What to work on: Copy each line below word for word and drop every image.

Data below:
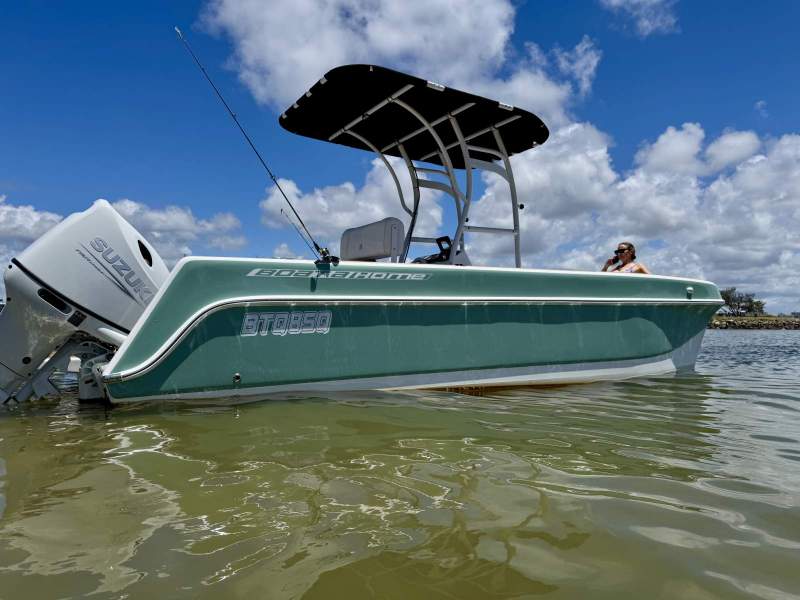 Boat-A-Home Centre Console B-Rider 6500 Center console twin hull
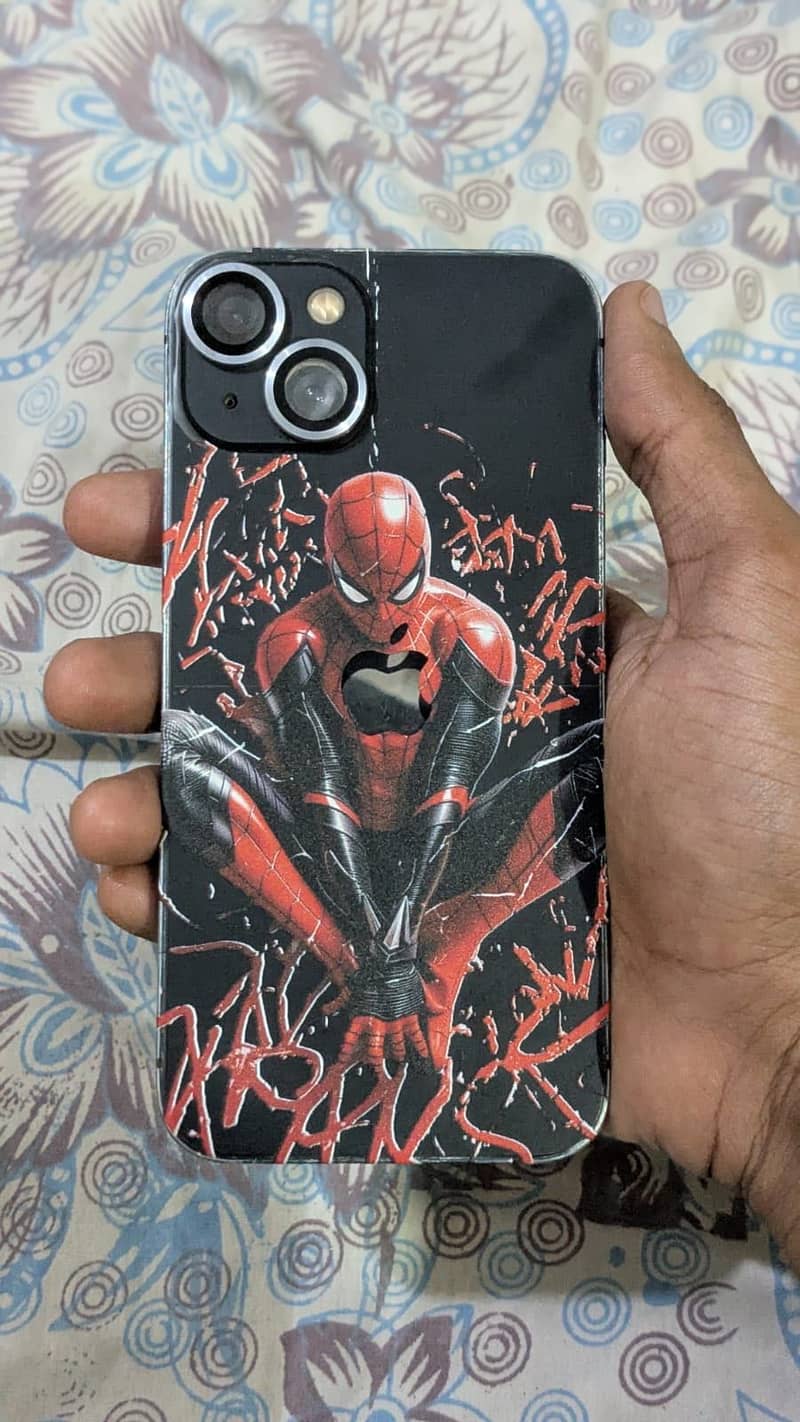 IPhone 13 7
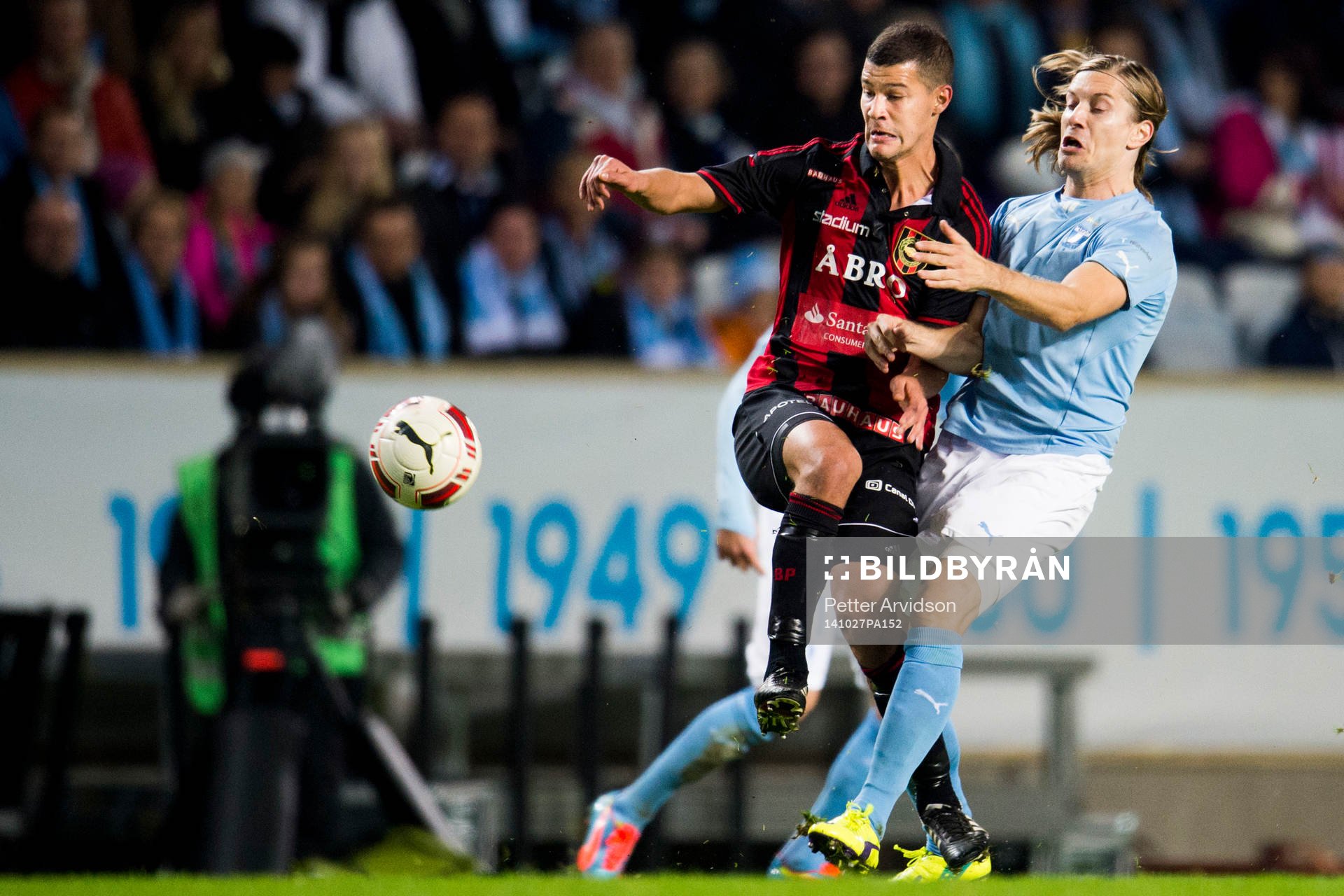 Brommapojkarnas Mauricio Albornoz och Malmö FFs Markus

Solution below:
 Boat-A-Home Centre Console B-Rider 6500 Center console twin hull
 IPhone 13 7
 Brommapojkarnas Mauricio Albornoz och Malmö FFs Markus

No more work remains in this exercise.